Irritable bowel syndrome (IBS) is characterized by persistent abdominal pain/discomfort, bloating, and irregularity. Clinical tests typically yield no abnormalities. The exact cause of IBS is not known. IBS is diagnosed by exclusion, which means that, it’s the fall back diagnosis that doctors use when they are unable to find something that is wrong. Since it is a diagnosis of absence, doctors really don’t know the cause. It’s generally broken down into three classes depending upon if diarrhea is dominate (IBS-D), constipation is dominate (IBS-C), or if it alternates (IBS-A). Onset of IBS tends to occur most often after an infection (IBS-PI), a stressful life event, or as a person ages. The most common theory is, there is a problem with the central nervous system and the digestive system. Another theory suggests an imbalance in gut bacteria or a malfunction in the immune system. IBS has no effect on mortality. However, it does have a significant impact on a person’s quality of life.
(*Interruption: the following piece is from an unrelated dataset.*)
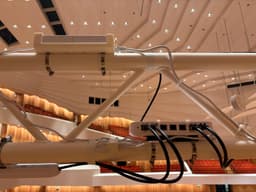 Mount for Ubiquiti USW-Ultra 210W Power Supply - Truss and Wall Mounting 3d model
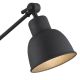 Veioze - Veioza / Lampa reglabila stil industial EUFRAT neagra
Although the cause of IBS is unknown, the Academy of Nutrition and Dietetics does provide some guidance on how to prevent or manage symptoms:
Eat fewer, smaller meals more frequently during the day. Less volume puts less stress on the system, and frequency ensures a constant flow.
Add more fiber to your diet. Fiber provides bulk to your digestion, and it may help increase your regularity. Foods rich in fiber are fruits (with skin), vegetables (with skin), and whole grains.
Drink plenty of fluids. This is good advice for either IBS D or IBS C. With IBS D, you need to replace the fluid lost for diarrhea, and with IBS C, increased water content may help the stool pass more easily.
Avoid alcohol & caffeine. Caffeine can act as a diuretic causing your system to speed up. Alcohol can affect you digestive system as well. If you are already having issues, you should probably avoid both.
Keep track of your episodes and symptoms to see if there are any triggers.